Obviously President Obama was not going to win the Southern states (in red) or the conservative Midwestern states. On the other hand Mitt Romney was never going to win the blue states especially California and New York.
So what value, prestige, readership and frankly, big money, should accrue to professionals who pundit about elections for a living. Not any from now on as their job can be done by anyone with the slightest understanding of the polling process. Basically the pundits who discovered the formula have made themselves redundant.
Much fuss and lauding of Nate Silver of 538.com fame ensued after he got the 2008 and 2012 elections right with his Electoral College prediction-especially for his 100% success in calling all 50 states correctly. Was there some magical formula or incredible insights at work-hardly.

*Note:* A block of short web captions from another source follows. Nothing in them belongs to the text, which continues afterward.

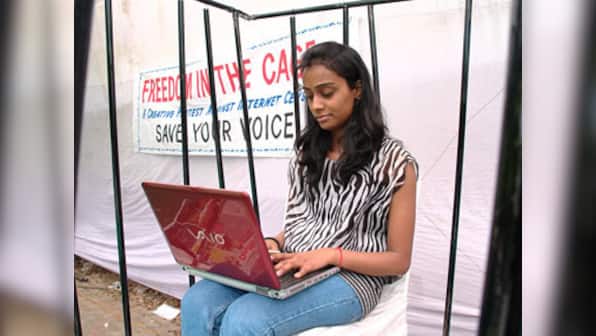 Gagged and Bound: Why India's 'free internet' is a big, fat lie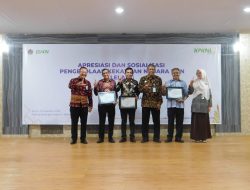 Pemkab Bulukumba Raih Penghargaan Pokok Lelang Tertinggi dari Kementerian Keuangan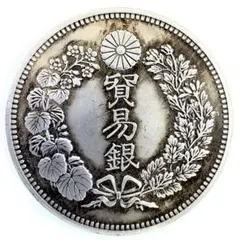 貿易銀 レプリカ 31枚 Amazon.co.jp: イギリス銀貨 貿易銀 1Dollar レプリカ 1900年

Silver's formula (and Dr.Wang's at Princeton) is to simply look at the aggregate polling for each state and give the state to whomever has the lead based on that simple analysis. It works! It worked in 2008 and worked in 2012. The Romney campaign fooled themselves by using their own internal polling, and looked at favorable individual polls which method is now firmly in the dustbin of history.
Thus the reality is that based on a simple reading of aggregate polling in the "marginal" states
there was only the calls about Virginia and Florida that had any chance of making or breaking a reputation as a psephologist. Nate Silver at 538.com got it right when Florida went for Obama by less than 1% whilst other prognosticators got 49 states right and came in second in the pundit stakes. But any John Doe who can see the state by state polls as they aggregated, and if he got the Florida coin toss right, could have been a media superstar pundit.
Virginia was admittedly a challenge, but only if the gyrations from September onwards are considered. Before that President Obama had leads running from close to substantial whilst Romney, in his September flourish, only had the smallest of leads in the aggregate polling. The final aggregates had Obama a fraction ahead (+0.3), and the final, actual, result gave the president a comfortable lead (3.0%) which reflected the reality of all the polling over the year.
The reality is that Romney never had a lead in Ohio as per this Real Clear Politics average poll chart which reflects the aggregate of polls at any one time. It is the same case for Iowa. With Colorado there was a very brief period where Romney had a small lead but for the bulk of the campaign, especially towards the end it was safe for President Obama.